「良いこと」って何だろう?
と聞かれると、多くの人が、まず具体的な事柄を思い浮かべ、それを指し示すかもしれない。
「電車の中でお年寄りに席を譲ること」とか、「道を聞かれたときに案内してあげること」など。
これらは、多くの人が「良いこと」とみなすだろう。
では、「良いこと」とは、誰かのためになることなのだろうか。
雨が降っているときに、傘のない人に自分の傘を差し出す。
しかし、その結果、自分はずぶ濡れになり、風邪を引くかもしれない。
これは「良いこと」なのだろうか。
仮に、その人のためになれば、自分がどうなっても構わないと考えたとする。しかし、実際に風邪を引いて会社を休めば、同僚が仕事を引き受けることになる。

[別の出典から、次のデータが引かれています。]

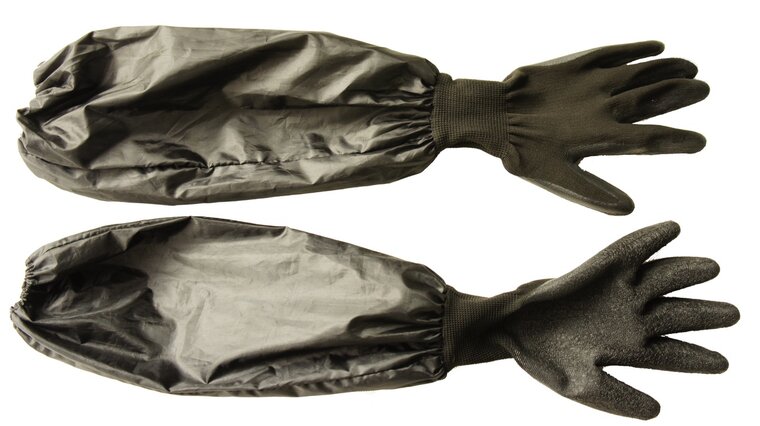 Gants de montage pour cha&icirc;nes &agrave; neige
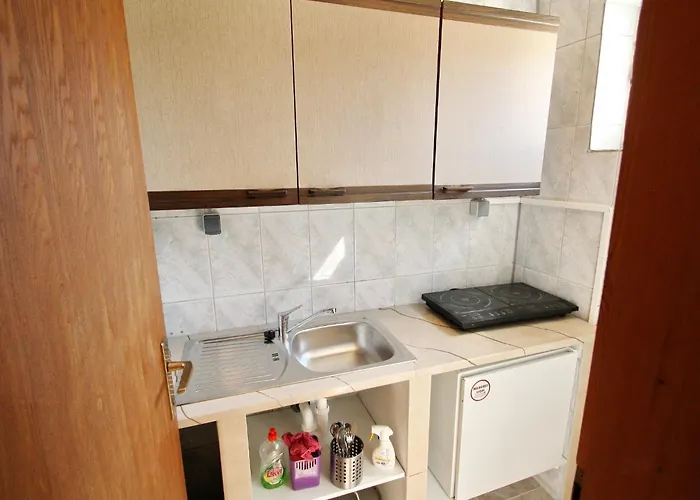 1 Bedroom With Garden Apartament
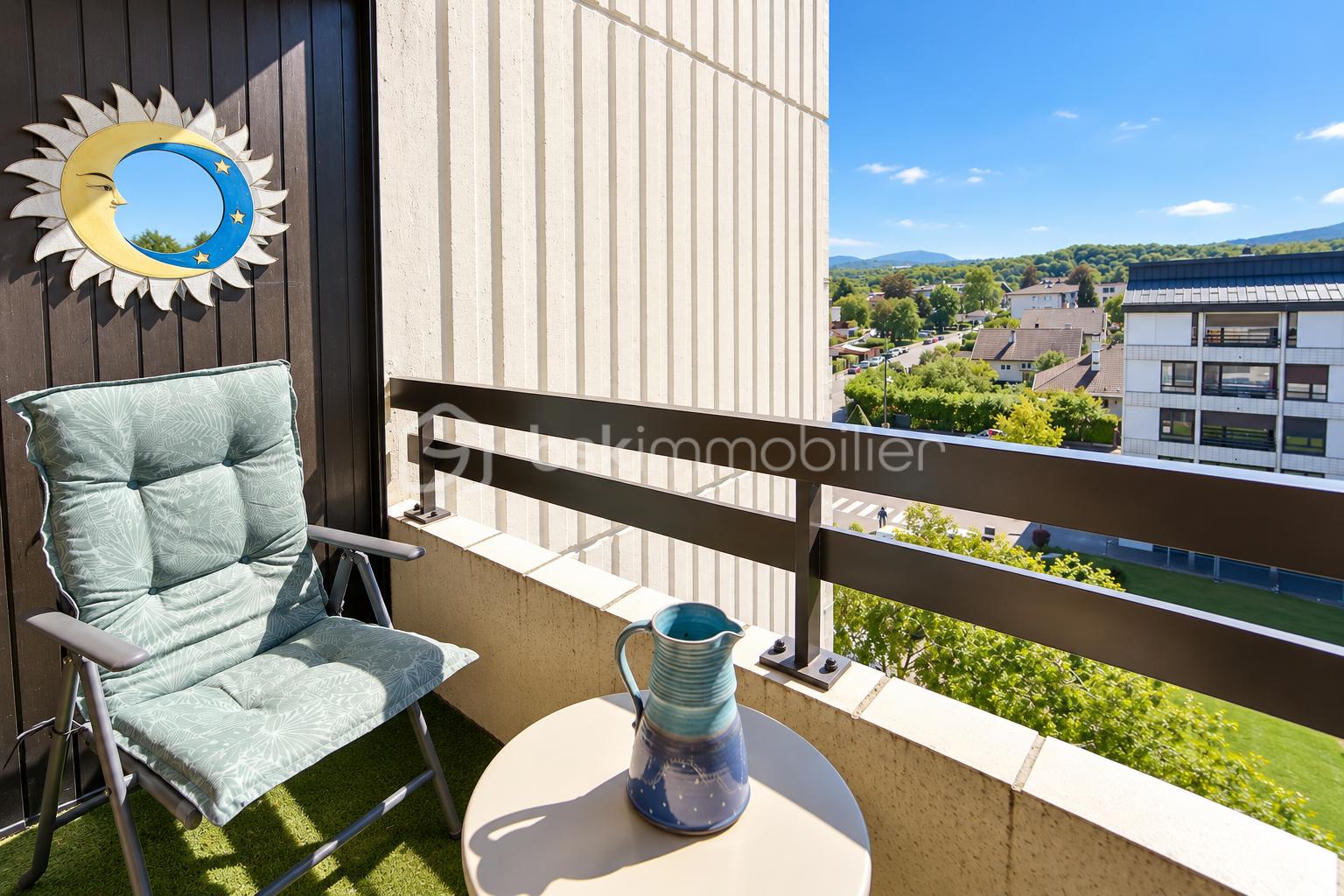 Balcon lumineux avec vue sur les collines.png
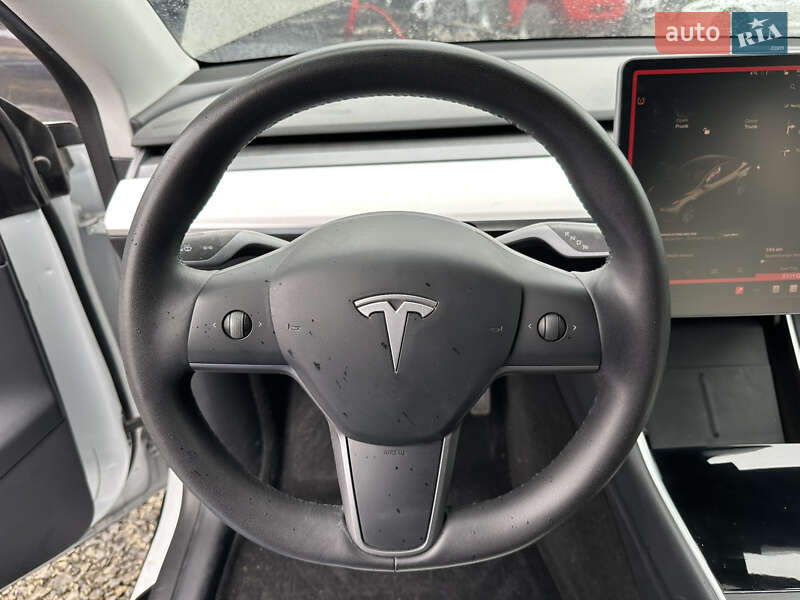 Внедорожник / Кроссовер Tesla Model Y 2020 в Луцке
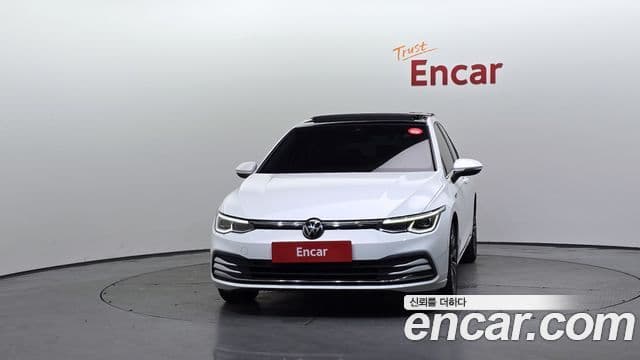 Volkswagen Golf 2023 — ფოტო 3/20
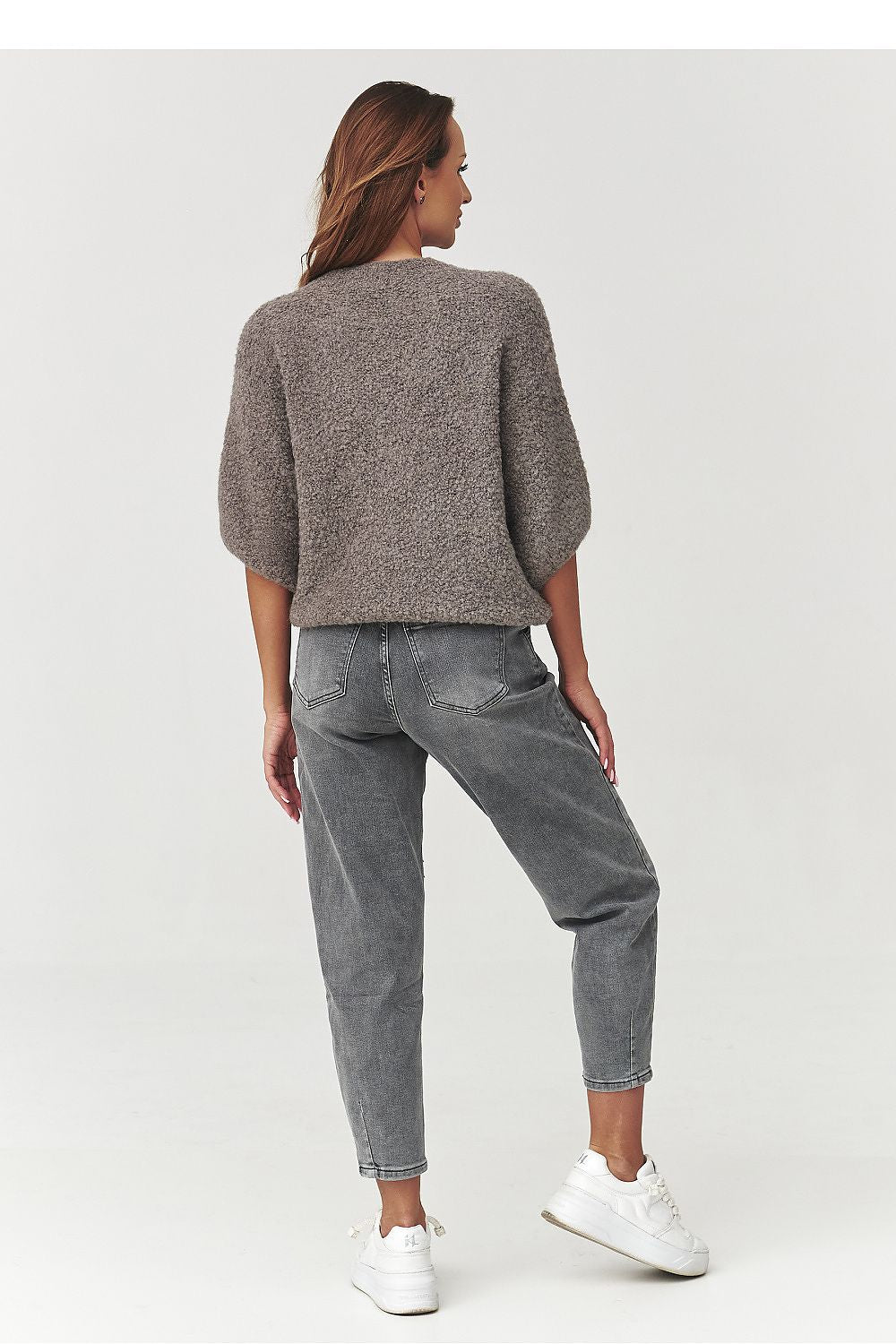 Jumper model 219717 Makadamia - ELEMODA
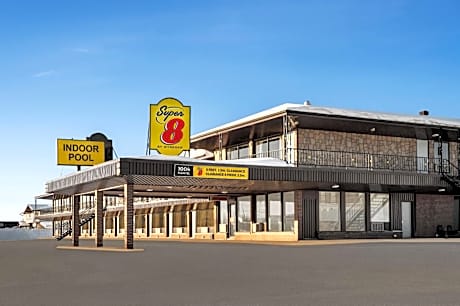 Super 8 by Wyndham Hearst ON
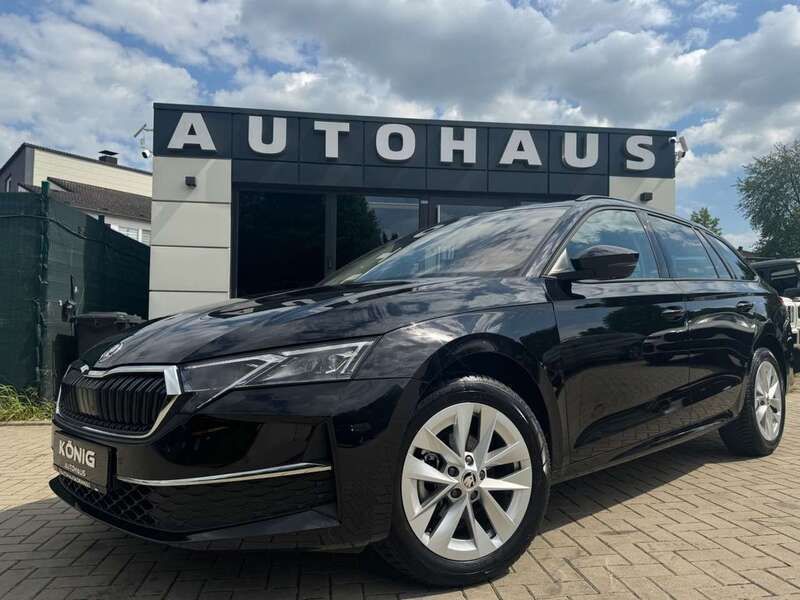Schwarzmagic perleffekt Gebraucht 2024 Skoda Octavia RS Kombi | 31.500 € (Guter Preis) - Bild 1/4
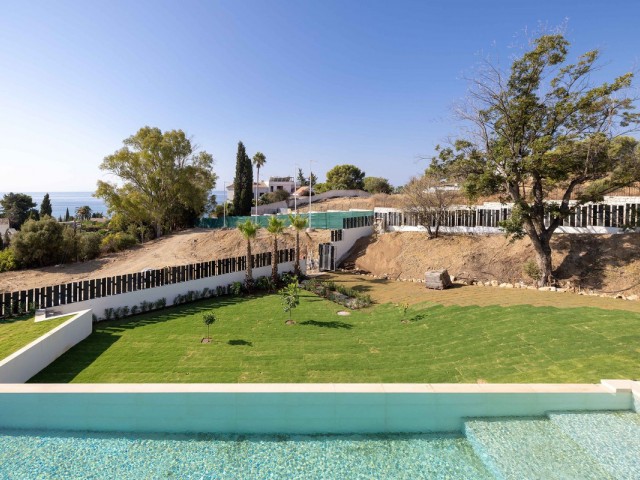 7 Bedrooms Villa in Benalmadena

このとき、その行為は「良いこと」だったと言えるのだろうか。
──あるいは、そもそも別の問いが必要なのかもしれない。
そのときあなたは、なぜ傘を差し出そうと思ったのか。
相手が美人だったからなのか。
もしそうだとすれば、あなたはその行為に、何かを期待してはいなかっただろうか。
たとえば、後日、傘を返すという名目で連絡先を聞かれることを。
では、もし相手が美人ではなかったとしたら、あなたは同じように傘を差し出しただろうか。
そのときの判断基準は、自分にとって何かしらの見返りがあるかどうかになってはいないか。
話を戻そう。
傘を差し出すという行為は「良いこと」なのだろうか。
おそらく、多くの人はそう答えるだろう。
しかし、その動機が、
自分にとっての見返りを期待したものだったとしたら、それでもなお、その行為は「良いこと」と言えるのだろうか。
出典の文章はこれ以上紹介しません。